Elizabeth McGhee Hassrick is co-editor of the Chicago Model Book Project about the Urban Education Institute's University of Chicago Charter School campuses. Her research interests include parent engagement in schools, informal organizational accountability and the social production of social and cultural capital in organizational settings. She is also a data analyst for the University of Chicago Lottery Studies.
In addition to McGhee Hassrick's work as an academic scholar, she has been a classroom teacher in public and private schools in the United States and abroad. After she received her B.A. from the University of California, Berkeley, she served in the United States Peace Corps as a high school math teacher in Cameroon, West Africa. Following her Peace Corps service, she participated in the Return Peace Corps Fellows program that places teachers in high poverty schools in the United States. While teaching elementary students on the Navajo reservation, McGhee Hassrick completed her M.A. in elementary education at the University of New Mexico.
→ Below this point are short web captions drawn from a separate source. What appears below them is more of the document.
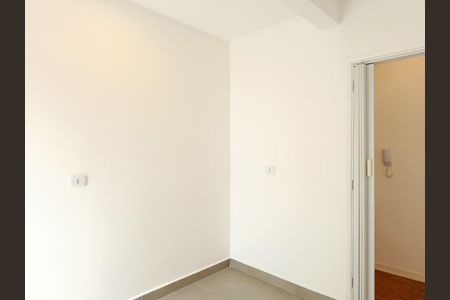 Apartamento à venda com 41m², 1 quarto e sem vaga Apartamento à venda com 41m², 1 quarto e sem vagaCozinha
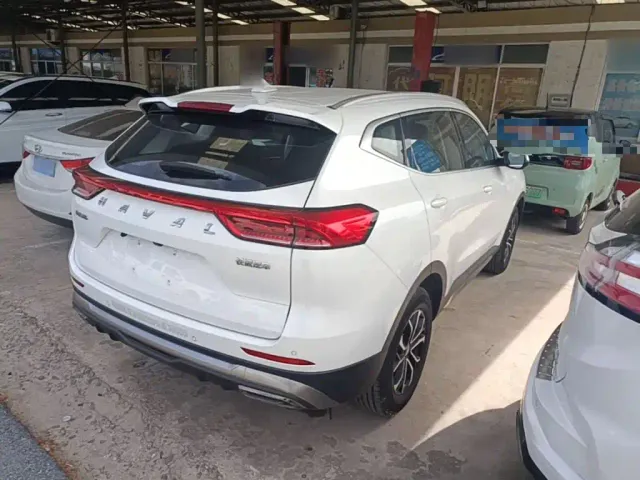 Haval H6 — Фото автомобиля 6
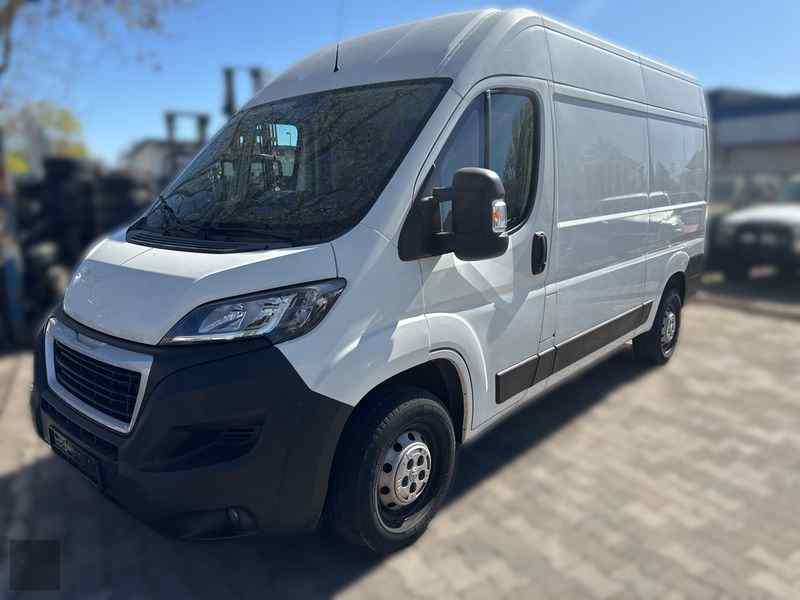 Slika vozila PEUGEOT Boxer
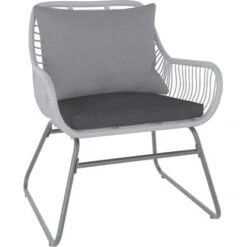 Ersatz-Sitzkissen Für Balkon-Sessel Willmar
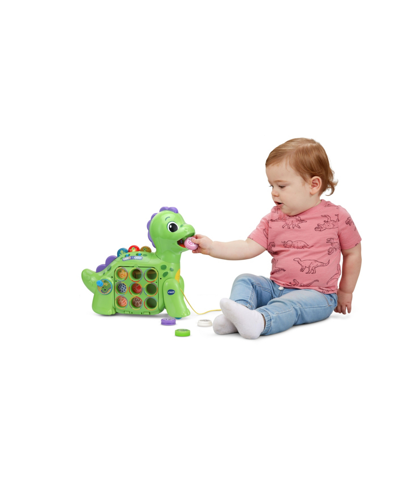 VTECH CHOMPERS THE NUMBER DINO 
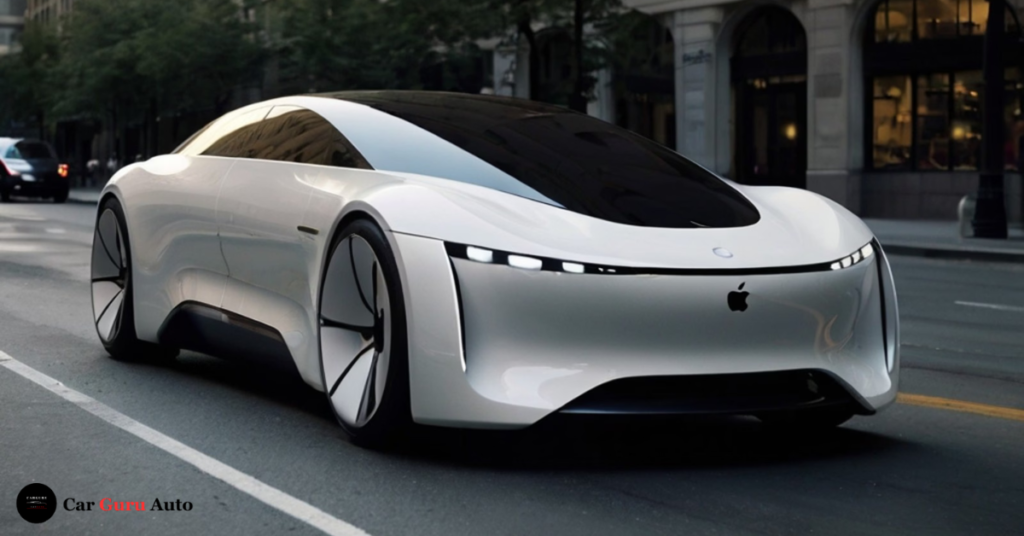2026 Apple Electric car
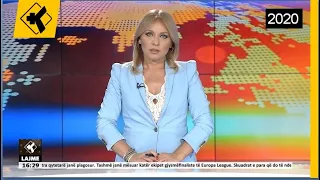 Edicioni i Lajmeve Klan Plus 12 Gusht 2020, ora 16:00 Lajme - News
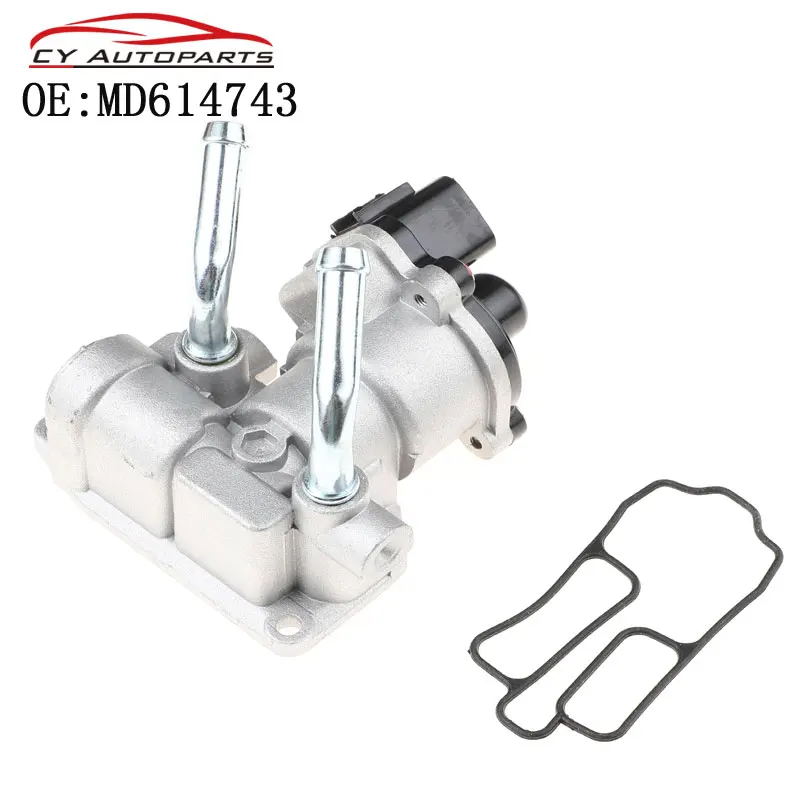 

Новый регулирующий клапан холостого хода для C * HRYSLER D * ODGE M * ITSUBISHI MD614743 MD614857/E9T08282/MD619948/AC4148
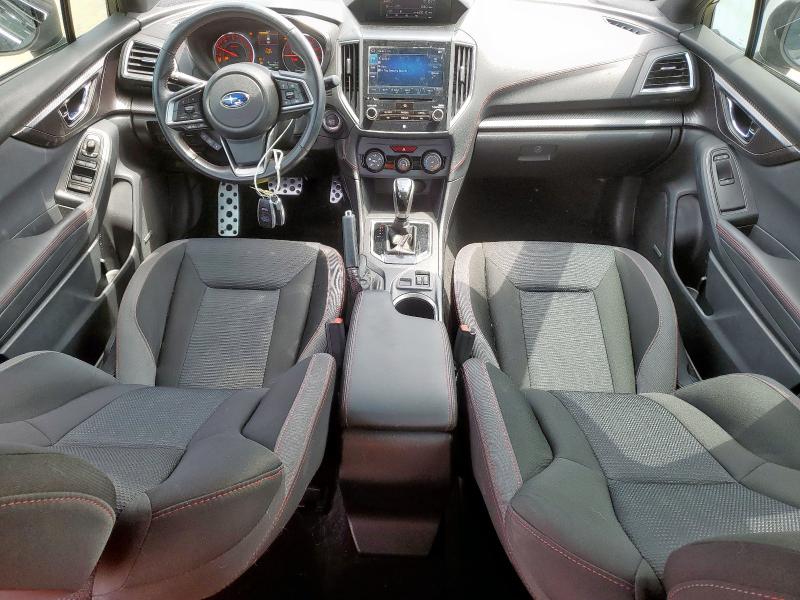2018 SUBARU IMPREZA SP 4S3GTAM65J3714460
She next taught in Seattle, Washington at a private school before leaving teaching to pursue her advanced degrees. McGhee Hassrick received the 2006 Benjamin Bloom Dissertation Fellowship for her dissertation work as well as a Dissertation Improvement Grant from the National Science Foundation. In addition to presenting her research at several peer reviewed conferences, such as American Sociological Society and the American Educational Research Association, she recently coauthored an article titled “Parent Surveillance in Schools: A Question of Social Class” in the American Journal of Education.
McGhee Hassrick received an M.A. and Ph.D. in sociology from the University of Chicago and is currently a postdoctoral scholar for the University of Chicago Committee on Education.